What this task involves
Please keep pictures out and return the lines below exactly, from the one holding "Portable Eggs Holder Blue Open 3D model 4" through the last, both included.

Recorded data
· · · · · · ·

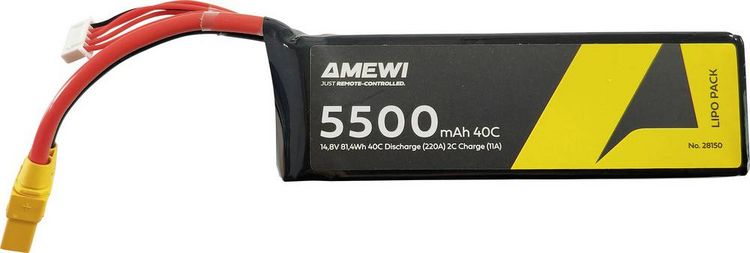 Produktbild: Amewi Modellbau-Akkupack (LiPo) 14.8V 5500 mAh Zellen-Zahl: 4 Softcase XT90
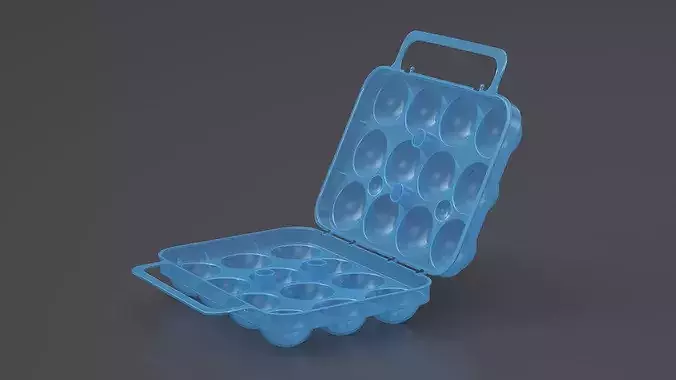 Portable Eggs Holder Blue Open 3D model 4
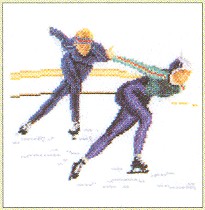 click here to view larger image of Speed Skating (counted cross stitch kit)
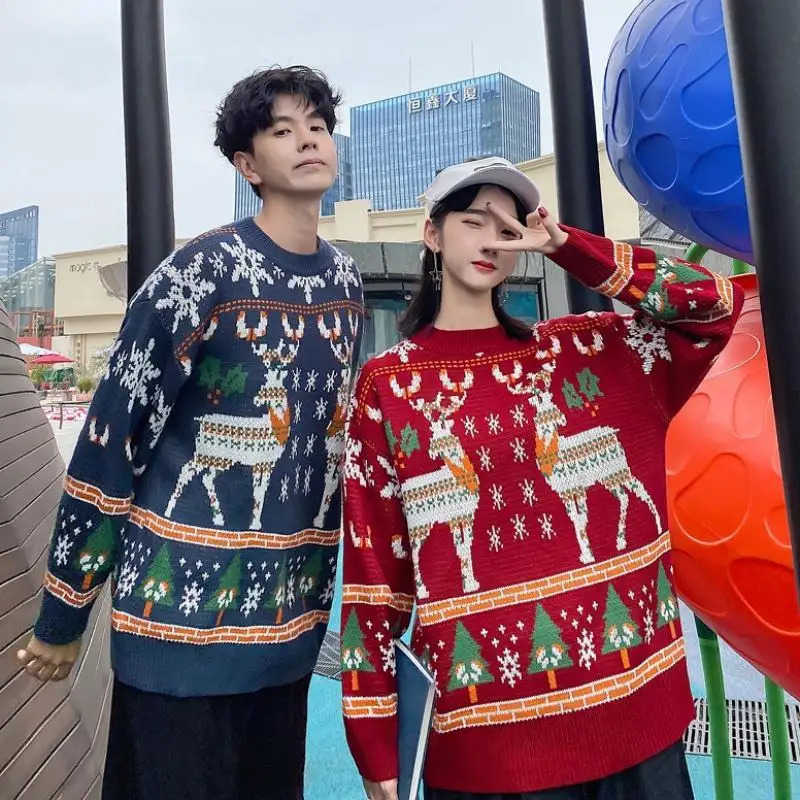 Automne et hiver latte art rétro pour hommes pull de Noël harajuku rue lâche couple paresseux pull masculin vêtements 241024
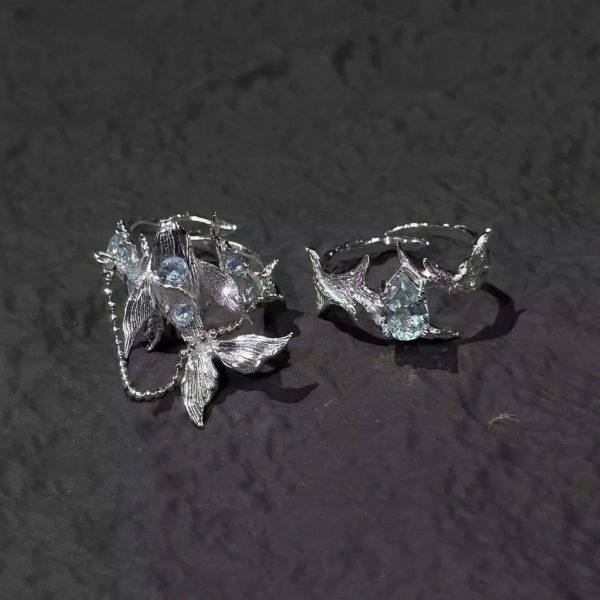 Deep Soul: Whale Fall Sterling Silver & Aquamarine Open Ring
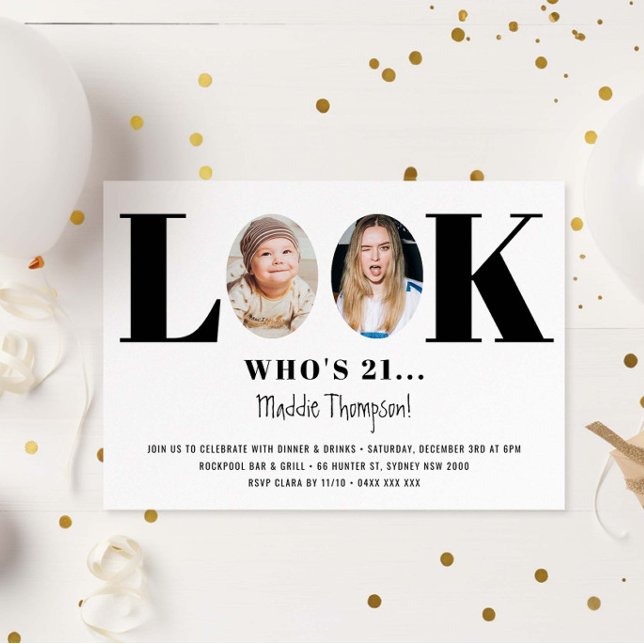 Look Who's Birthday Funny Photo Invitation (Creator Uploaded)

· · · · · · ·

Expected answer
 Portable Eggs Holder Blue Open 3D model 4
 click here to view larger image of Speed Skating (counted cross stitch kit)
 Automne et hiver latte art rétro pour hommes pull de Noël harajuku rue lâche couple paresseux pull masculin vêtements 241024
 Deep Soul: Whale Fall Sterling Silver & Aquamarine Open Ring
 Look Who's Birthday Funny Photo Invitation (Creator Uploaded)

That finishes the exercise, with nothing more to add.